Everything in the listing below from the line containing "AHMAD MASLAN (dua" through the line containing "dior_xxxxx_big_00011.jpg" must be repeated exactly; the remaining lines are not wanted.

» **DATA RECORDS**
::::::::
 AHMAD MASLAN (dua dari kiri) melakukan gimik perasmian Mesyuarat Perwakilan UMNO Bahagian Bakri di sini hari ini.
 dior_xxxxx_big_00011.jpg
::::::::
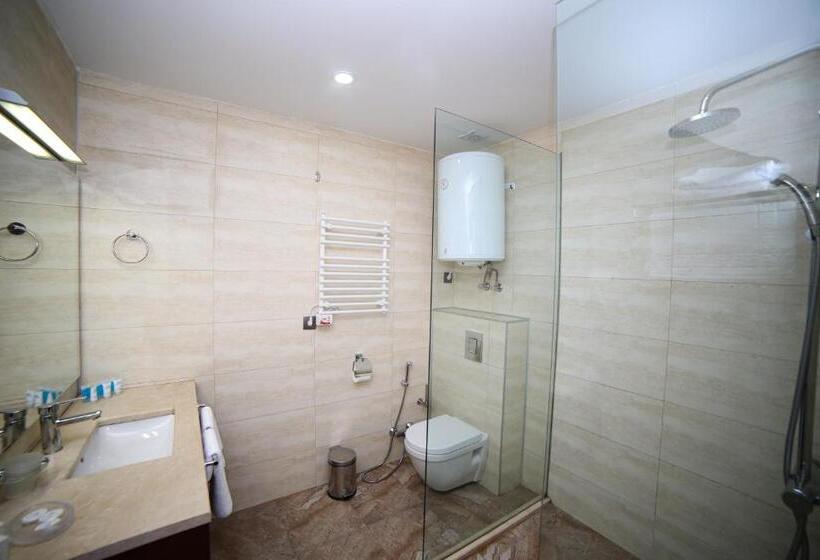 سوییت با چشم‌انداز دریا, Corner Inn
::::::::
» **RESULT OF THE EXERCISE**
 AHMAD MASLAN (dua dari kiri) melakukan gimik perasmian Mesyuarat Perwakilan UMNO Bahagian Bakri di sini hari ini.
 dior_xxxxx_big_00011.jpg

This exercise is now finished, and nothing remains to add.